The following code is a simplified version of my larger program to demonstrate the problem.
#include <stdio.h>
#include <stdlib.h>
#include <string.h>
const int m = 5;
char **words1;
char **words2;
void f(void *v) {
printf("v: %p\n", v);
int len = v==words1 ? 3 : 4;
printf("len: %d\n", len);
for (int i=0; i<m; i++) {
// What goes here?
/*
char *c = malloc(sizeof(char) * len);
c = (char*)v; // Something _like_ this?!
printf("%s\n", c);
*/
}
}
int main(int argc, char *argv[]) {
words1 = malloc(m * sizeof(char*));
printf("%p\n", words1);
words2 = malloc(m * sizeof(char*));
printf("%p\n", words2);
for (int i=0; i<m; i++) {
words1[i] = malloc(sizeof(char) * 3);
words2[i] = malloc(sizeof(char) * 4);
strcpy(words1[i], "22");
strcpy(words2[i], "333");
}
f(words1);
f(words2);
for (int i=0; i<m; i++) {
free(words1[i]);
free(words2[i]);
}
free(words1);
free(words2);
}
I have two global **char which I think are on the heap (because malloc).

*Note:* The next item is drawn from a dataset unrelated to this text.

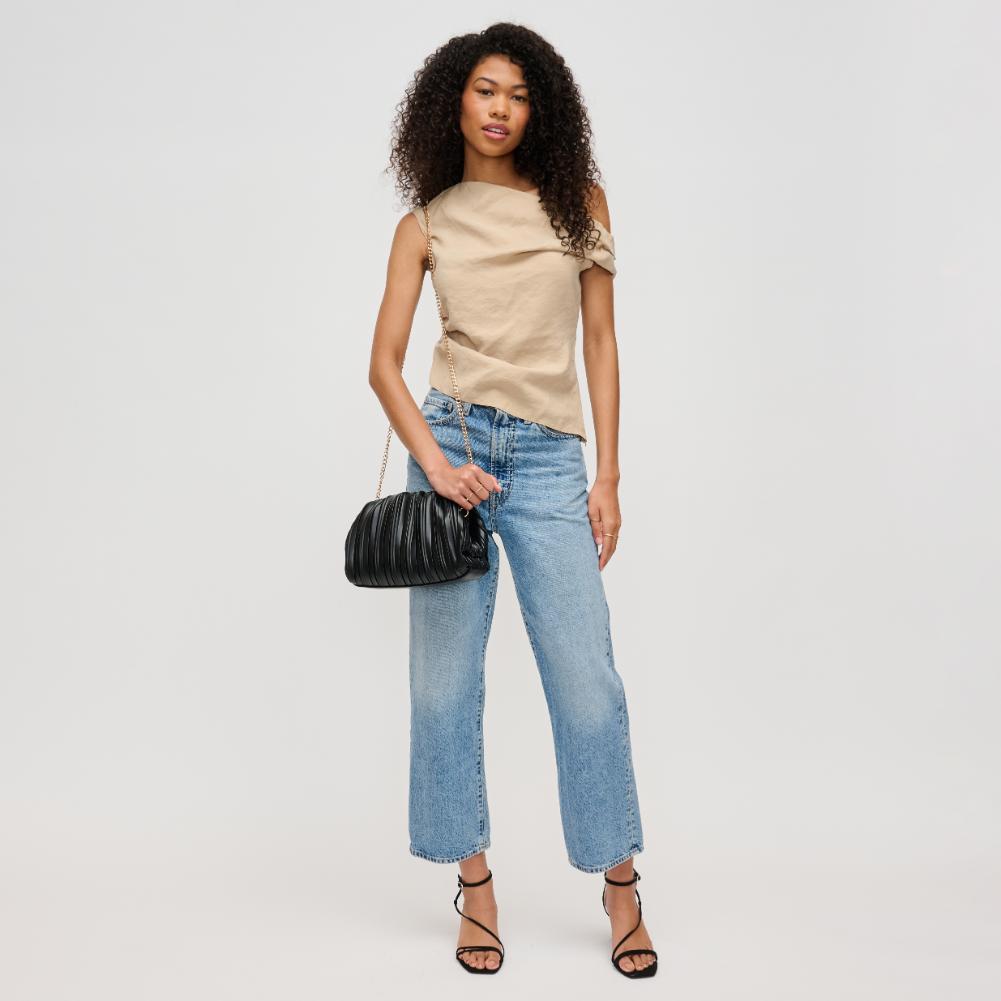 Woman wearing Black Urban Expressions Philippa Clutch 840611193827 View 2 | Black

The signature of f() cannot change, i.e. it can only accept void *.
Importantly, in the real program the data in the **char is too big for the stack.
In short: how do I get the **char back from the *void?
You can simply assign it to the right type back in f():
char **f_words = v;
for (int i=0; i<m; i++) {
printf("%s\n", f_words[i]);
}
Also, your way of identifying the length of words in f() isn't good.
You can either pass the length as an additional argument to f() or you could terminate the words list with NULL pointer.